The events leading up to my reception of the Young Storyteller Award themselves make up a tale worth telling.
On that beautifully bright Sunday afternoon, 27 February, the MAC Theatre in Birmingham was peopled with storytellers and promoters from across the length and breadth of the country. I can still see myself, ten minutes before 'storytelling time', bounding off the bus, my Russian peasant shirt, skirt and scarf - donned specifically to complement my folk tale - flapping wildly about me. Had I not spent the better part of the morning pruning, tweaking and chiselling my story? Its details were spinning in my head. So deeply was I involved in them as I sprinted towards the theatre that I began to sense the characters wrenching themselves from their subliminal abode and impulsively coming to life: their voices resounding in my ears, their gestures manipulating my movements...it was as if the entire tale had suddenly and entirely consumed me.

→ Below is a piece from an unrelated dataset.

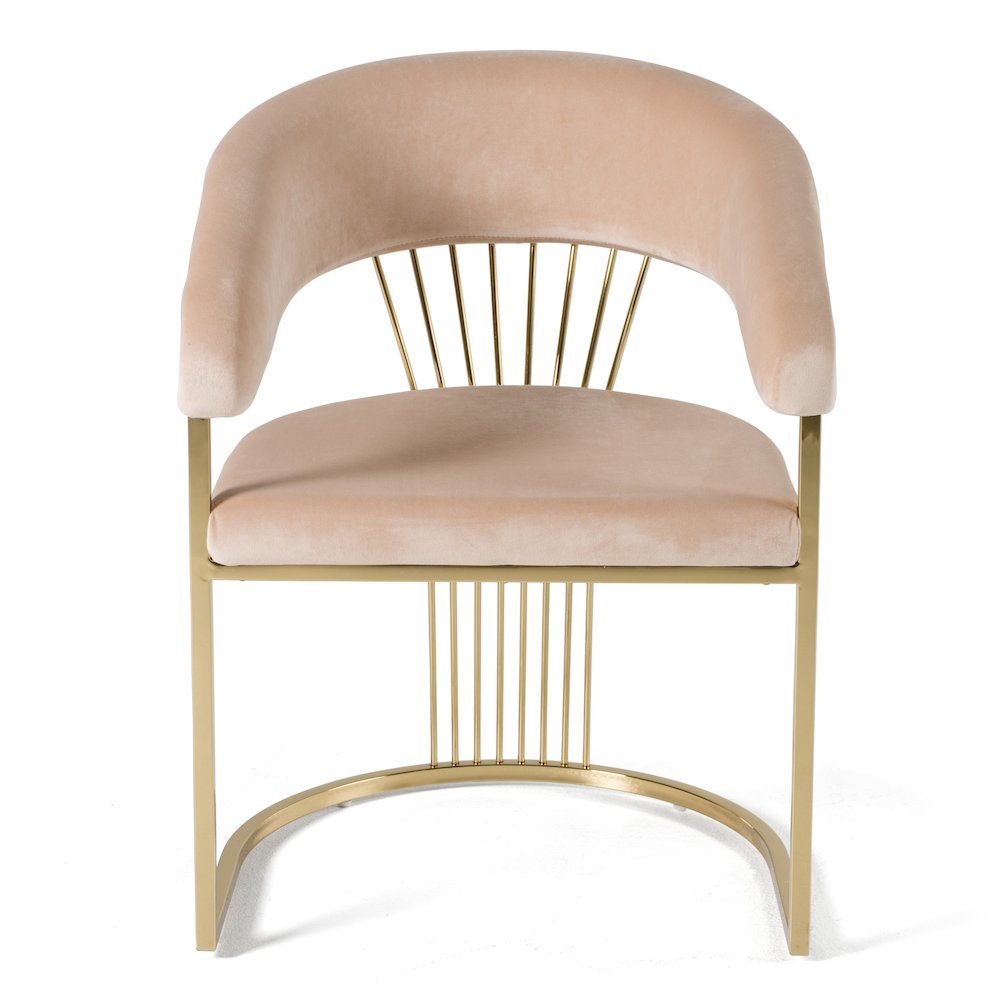 Linda - Modern Beige Velvet and Gold Dining Chair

When I finally arrived, breathless, at the MAC, I made my way to the Young Storytellers' Room (the Hexagon Theatre) which I found to be at once inviting and convivial. Everyone looked so colourful. The young contestants exuded an enthusiasm both to listen to and to recount the narratives that had captured their collective fantasies. At the telling, the stories provided opportunities to fascinate and to be fascinated. People and places were brought to life before our eyes through song, movement and self-expression. Crossing time and space, we drifted into Palestine, Africa, Ireland and India. Indeed, on that day every tale seemed to harmonize with and adorn the face, physique and individual expressions of the narrators. Their colourful descriptions painted pictures of their unique imagined worlds, characters, dreams, histories and ambitions.
Discovering oneself, and others, through a story is nothing short of amazing. I confess sensing the labyrinthine threads of life's experiences weaving conduits into my saga as it unfolded. While reciting with gusto the exploits of chubby Prince Ivan and the pretty Princess Vasilisa of the Golden Braid, I perceived in my mannerisms the inherited and unrehearsed body language of my own Balkan ancestry. Images and faces that had once captured my capricious fantasy were now claiming territory on my articulated descriptions. Each utterance and motion in its own way contributed not only to the vocal and visual manifestations of my story, it also bore witness to my own inner, secret, and profound identity. Moreover, I slowly came to recognise the influences that throughout my life have cultivated and nurtured my imagination.
It was a wonderful feeling to sense and to hear the listeners enjoying this, my fanciful world: chuckling at the clucking cottage on chicken legs; bemused by pea-born Ivan...
'And they lived happily ever after...The End.' That is when I suddenly felt a wave of elation - assured of the fact that I had expressed myself honestly, freely and openly. To my mind, this is the best I had to offer as a storyteller.
Winning the award was indeed a great privilege and delight. I was thrilled! For one, it left me with the certainty that the audience loved hearing my tale as much as I had loved unfolding it. But what is more, it dawned on me that I simply had to share this childhood passion more widely. It was an erstwhile wish that has now become a reality for I have been invited to the Storytelling Club in Hebden Bridge, West Yorkshire in June and, together with my partners in the storytelling theatre company Annamation, I will be going on a storytelling café tour in October. In addition, I have been asked to take charge of a series of storytelling sessions at a Special Needs school and, in July, I will be presenting narratives at the Beyond the Border Festival. At the Festival I will have the additional pleasure of listening to many other tale spinners from around the world. All of this as a consequence of winning the award!
I wish to extend many warm thanks to the Traditional Arts team, to the MCs, Alex Somerville and Phillipa Tipper, who with their enthusiasm gave the event such buoyancy and colour, to the judges, and of course to Graham Langley for organising such a thoroughly rewarding and enjoyable day. Thank you for giving me these opportunities which I hope to build on and develop in the future.